Tag Archives: mind

Life of the mind in a bubble

About four years ago I wrote about living in bubbles and rarely coming into contact with people outside of our bubble [see ‘You’re all weird‘ on February 8th, 2017]. This was in the context of our experience of the media and our surprise when electorates make apparently irrational decisions. Since early this year we have been encouraged to live in more literal bubbles in order to slow down the spread of COVID-19; so, for example, we have created bubbles of researchers using our research labs in shifts to avoid a total shutdown of research when someone tests positive for coronavirus.  For many people, the pandemic has isolated them in a bubble of one that has created concerns about the well-being and happiness of individuals living and working alone.  When asked about the place he is happiest, the artist Ai Weiwei responded ‘Every place is equal for me.  Even in detention I could still find joyful moments’.  He finds ways to connect to other people and their emotions by reflecting on who he is, which leads to moments of joy.  He believes that success in life is about finding yourself in way that ‘doesn’t need ambition or talent.
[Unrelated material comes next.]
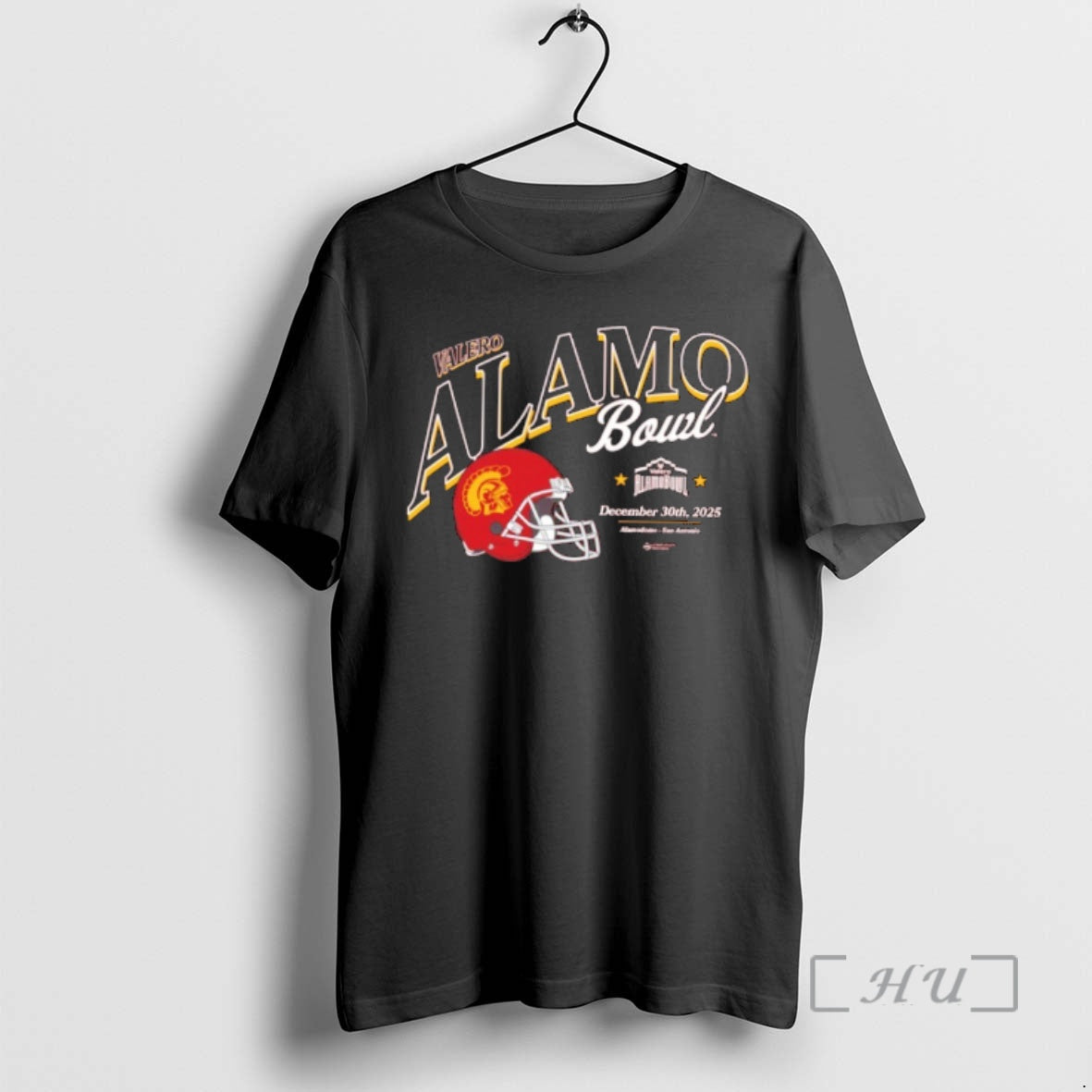 Officials Usc Trojans 2025 Valero Alamo Bowl Helmet T-Shirts, Hoodie, Sweatshirt - T-Shirt, Sweatshirt, Hoodie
It just needs a functioning mind, emotion and simple judgment.’  During lockdowns induced by the COVID-19 pandemic, I believe that it has become more important to maintain the life of mind through reading and discovering new ideas. As Jarvis Cocker said in a recent interview: ‘I don’t want to spend the rest of my life thinking the same thoughts and feeling the same things, rechewing the same thing. I find that really boring.’  I hope that these posts have brought you new ideas and ways of thinking during 2020; writing them has certainly kept my mind active and stimulated.  So, I plan to continue in 2021 and hope that you will continue to read them.  Best wishes for a happy New Year!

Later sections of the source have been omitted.